Таким был мир, открывшийся в "Описании" изумленной Европе, той самой ищущей Европе, которая занялась исследованием прошлого, которая по настоянию Каролины, сестры Наполеона, с новым рвением принялась за раскопки в Помпеях и чьи ученые, восприняв у Винкельмана методику археологических исследований и толкования находок, горели желанием проверить эти методы на практике.
Однако после стольких похвал по адресу "Описания Египта" нужно сделать одну оговорку: представленный в нем материал — описания, рисунки, копии был, несомненно, доброкачественным, но там, где речь шла о Древнем Египте, авторы ограничивались лишь регистрацией. В большинстве случаев они ничего не объясняли, да они и не в состоянии были это сделать; там же, где они все-таки пытались что-то объяснить, их объяснения были неверными.
Представленные ими памятники оставались немыми; попытка их систематизации была искусственной: в ее основе лежало не знание, а интуиция. Непонятными оставались иероглифы, неясными — знаки, чужим — язык.
"Описание Египта" открыло совершенно новый мир, но этот новый мир в своих связях и отношениях, по своему устройству и по своей роли в древнем мире был неразрешенной загадкой.
Как много нового можно было бы узнать, если бы только удалось расшифровать иероглифы!
Но возможно ли это?
Де Саси, крупнейший парижский ориенталист, объявил: "Проблема слишком запутана и научно неразрешима". Но, с другой стороны, разве скромный учитель из Геттингена, по фамилии Гротефенд, не опубликовал исследование, которое указало путь к расшифровке клинописи Персеполя, и разве не он поделился в этом исследовании первыми результатами своей дешифровки? А ведь в распоряжении Гротефенда был весьма незначительный материал, здесь же бесчисленное множество иероглифических надписей лежало, так сказать, на поверхности и было доступно всем.
А разве один из солдат Наполеона не обнаружил странную плиту из черного базальта, о которой журнал, поместивший сообщение о ней, писал, что благодаря этой счастливой находке мы имеем ключ к расшифровке иероглифов? Впоследствии это мнение было подтверждено всеми учеными, которым удалось ее увидеть.
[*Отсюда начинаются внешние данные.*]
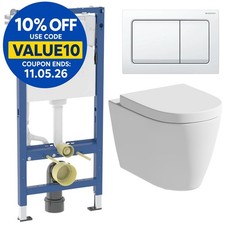 Rimless Wall Hung Toilet Pan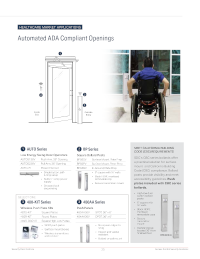 Automated ADA Compliant Openings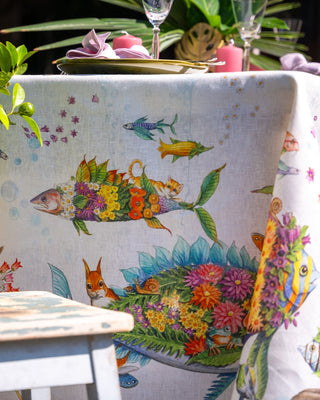 Pesciflora tablecloth - from 8 to 18 places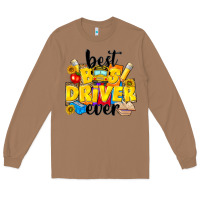 Toasted Coconut best bus driver ever Long Sleeve Tee - NancyCooperArtShop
Где тот исследователь, который сумеет использовать эту плиту? Вскоре после того, как был найден Розеттский камень, журнал "Courier de 1'Egypte" поместил об этом сообщение. Оно было напечатано в номере от 29 фрюктидора, VII года революции, со ссылкой: "Розетта, 2 фрюктидора, VII года". И надо же было, чтобы благодаря счастливой случайности этот номер издававшегося в Египте журнала попал в дом отца того человека, который двадцать лет спустя, проделав поистине гениальную, беспрецедентную работу, сумел прочесть надпись на черном камне и тем самым разрешил загадку иероглифов.